頭にはてなマークを浮かべたままの私を無視して話し続ける。
「あれは霊力を持った者の目にしか映らぬ。つまり常人には視えぬものだ」
「…うん?いままであんなのみたことなかったよ?」
「お前に潜在的に能力が眠っていたのだろう。そういう場合の者は一度死に直面すると才能が開花することがよくある」
つまり私があの時死にかけたことにより、普通は見えないものが見えるようになったということ。
「そしてお前の身体にはお前以外の魂が入っておる」
「わたしいがいのたましい…」
復唱しても何言われているのかよく理解ができない。この身体に私以外が存在するって言われても、今のところ違和感も何もないし…。
「死にかけてたお前の魂は不安定でな、この道満がちょうど修行の一環であった犬神の魂をお前という器に移したのだ」
まさか人外の魂が私に入っているなんて…!
「じゃあっ…わ、わたしにんげんじゃなくなるの?」
さきほど空になった食器を不躾に音を立てながら置く。
「…そういうやつらはきほん人間となんら変わりねぇんだけど、人間でもあやかしでもなんでもなくなる。お前の場合は『犬神憑き』ってそんざいになる。ようかいがまじってるからお前はふつうの人間より死ににくくなる」
道満が放った人間でも妖怪でもなくなるという言葉に動揺する反面、ゲームの東雲が人間離れしていた理由はこれかもしれないと頭のどこかで冷静に分析していた。
「お前のその内にいる犬神や他の妖怪を支配し退治する術が呪術や陰陽術だ。

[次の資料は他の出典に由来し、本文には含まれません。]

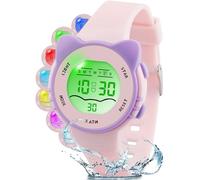Edillas Montre Enfant Numérique Garçon Fille,Montres Digitale avec LED 7 Couleurs,Étanche 30M,Chrono,Alarme,Montre Sport Cadeau (Rose)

これからお前はそれらを覚え、そして犬神の力を利用しこの芦屋に貢献せよ」
この男は私を利用することしか頭にないらしい。
「そうさな…道満。お前にこのガキを任せる。道満と主従を結びなさい」
支配とか貢献とか主従とか、きな臭い話。
…本当はあんまり関わりたくないけど、私の話だし、うん、意味わからん振りしとこ。
「はい、しつもんです!しゅじゅうってなんですか!?」
元気よく右手を挙げて尋ねると、道満は芸人よろしく座ったまま上半身だけずっこけ、男は頭を抱えていた。
「主従とは、上の者…この場合は道満だな。道満の言うことをよく聞きよく支えることだ、分かったな?」
「わかりました、えっと、ありがとうございます、どうまんにいちゃんのおやじさん」
「うむ。…おやじさんではなく、お前はこれからワシを師と仰ぎ学んだことすべてを身につけるように。ああ、お前に先程の部屋を与えてやるからもう休め」
お師匠様となった男は私をしっしと払い除けるような動作をする。
「おやすみなさい」
ぺこりとお辞儀をして、その部屋を出た。
「ああ、犬神のためにもあのガキには憎しみの感情を育ててもらわねばな…」
出た瞬間に耳に入ったお師匠様の発言ににぶるりと寒気がした。
きっと聞いてはいけないもの、でも知っておかないといけない事で。
私の事を利用する気満々だとは思っていたけれど、何を考えているのか理解できなくて怖い。
とりあえず、今わかっている情報だけでもちゃんと整理しよう。
奮い立たせるように両頬を軽く2回叩き、与えられた部屋へと走り出した。